В одном из своих интервью Жак Деррида, упоминая в том числе о падениях веры великих мистиков прошлого, говорит о том, что «так и не научился жить», имея в виду — жить без религиозных подпорок, без веры в бессмертие, которое само по себе и означает веру в Бога [Автономова 2011: 193]. Научиться жить просто так, радуясь самой жизни и самой возможности жить. Такие же слова вполне мог бы сказать если не Достоевский (разве что в эпоху утраты веры), то уж точно Чехов. Здесь тоска по невозможности нормальной человеческой жизни, взятой в ее уникальной самоценности. Однако встает вопрос: а можно ли вообще рассуждать об этом, мечтать об этом, если речь идет не о бездумной человеческой массе, а о существе мыслящем и совестливом, честном в своей логике и выводах, из нее следующих? Тогда только и остается, как у Достоевского: пулю в лоб, чтобы выбраться из этой бесконечной «теории навоза», где каждое поколение является навозом для произрастания следующего, и в итоге в истории ничего, кроме навоза, и не остается.
* * *
Возвращаясь к началу этих коротких заметок, я не хотел бы механически записать христианскую веру по ведомству Достоевского, а сомнение в вере, в ее возможности по ведомству Чехова. Понятно, каждый по-разному, сомневались оба, да и Толстой сомневался, и Гоголь.
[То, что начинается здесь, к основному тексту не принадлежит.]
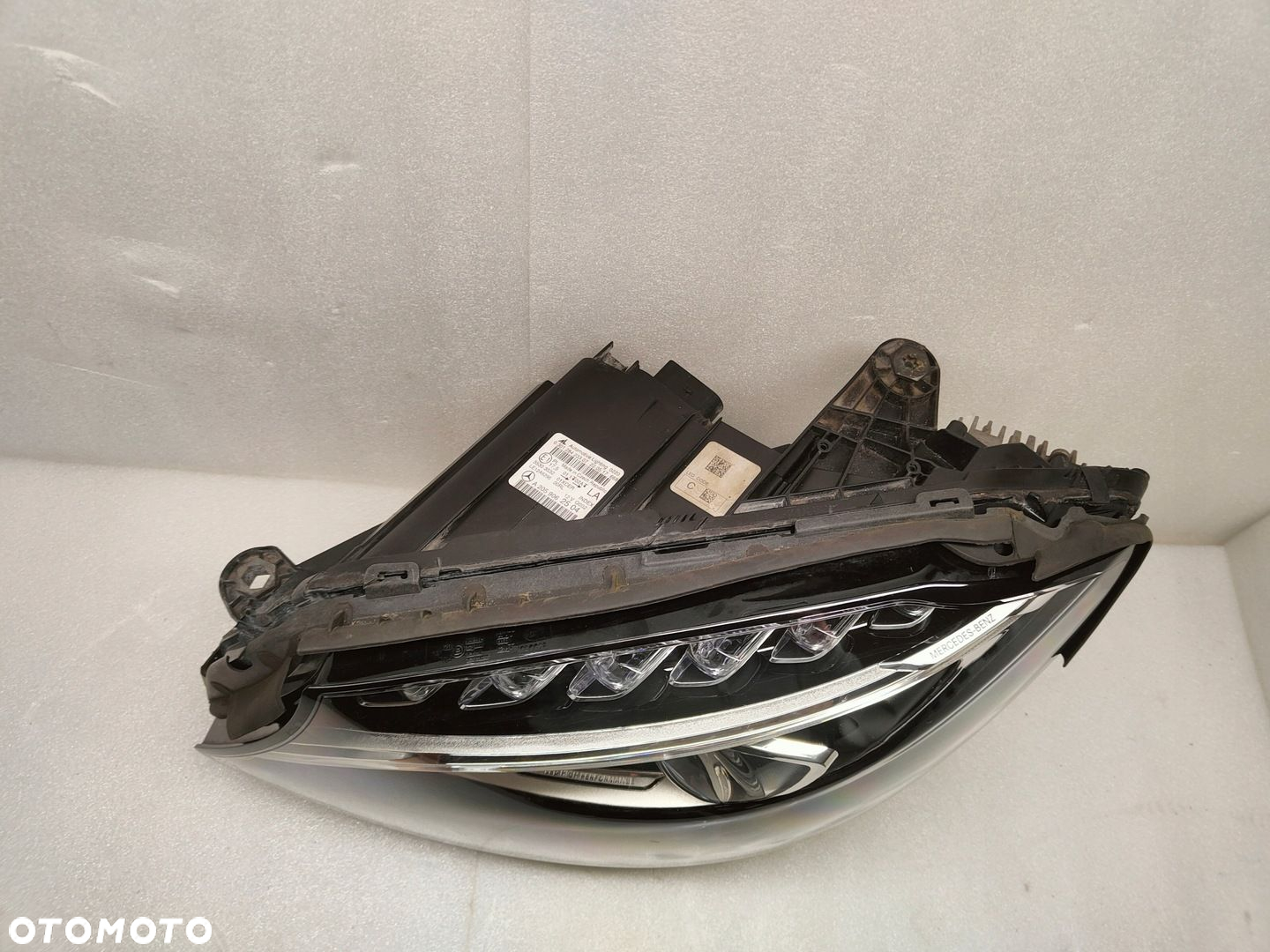 MERCEDES C KLASA W205 PERFORMANCE LED LAMPA LEWY PRZÓD A2059062504 - 5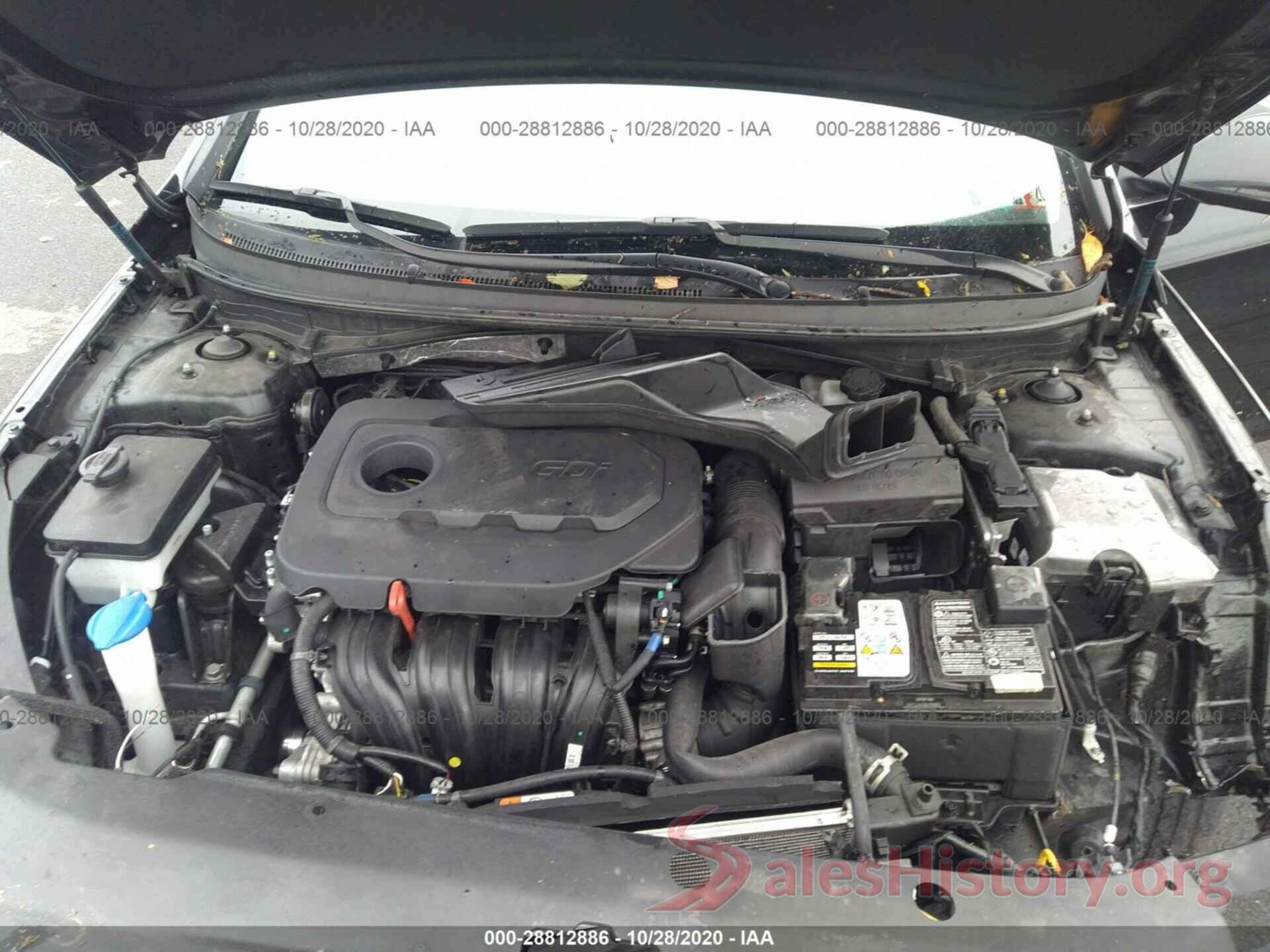 5NPE24AF1KH796807 2019 HYUNDAI SONATA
В случае же Достоевского и Чехова, если попробовать выразиться наиболее кратко (что нередко огрубляет существо дела, но нередко указывает на само его существо), то я бы сказал, что сомневались Достоевский и Чехов по поводу одного и того же предмета — предмета веры в бессмертие, но подходили к нему с двух противоположных сторон.
Если Достоевский сомневался в подлинности, «крепости» своей веры, то Чехов сомневался в истинности и «крепости» своего безверия или «безбожия». Можно сказать, в истории русской литературы не было двух равновеликих мыслителей и сочинителей, которые бы, несмотря на внешнее несходство, столь «гармонично» дополняли друг друга в самом главном вопросе человеческого существования: сомнении в вере и сомнении в неверии.
Литература
Автономова Н. Философский язык Жака Деррида. М.: РОССПЭН, 2011. 510 с.
Бунин И.А. Из незаконченной книги о Чехове / Публ. Н.И. Гитович // Литературное наследство. Т. 68. Чехов. М.: АН СССР, 1960. С. 639—680.
Дневник Алексея Сергеевича Суворина / Текстол. расшифровка Н. Роскиной; подготовка текста Д. Рейфилда, О. Макаровой. 2-е изд., исправл. и доп. London: The Garnett Press; М.: Изд-во Независимая Газета, 2000. 670 с.
Достоевский Ф.М. Дневник писателя // Достоевский Ф.М. Собр. соч.: В 15 т. Т. 13. СПб.: Наука, 1994.
Свинцов В.И. Вера и неверие: Достоевский, Толстой, Чехов и другие // Вопросы литературы. 1998. № 5 [Электронный ресурс]. Режим доступа: http://magazines.russ.ru/voplit/1998/5/svin.html (дата обращения: 02.02.2017).
Примечания
1. Лучшим образцом размышлений о религиозности (или ее отсутствия) у Достоевского и Чехова может быть названа статья В.И. Свинцова, см.: [Свинцов 1998].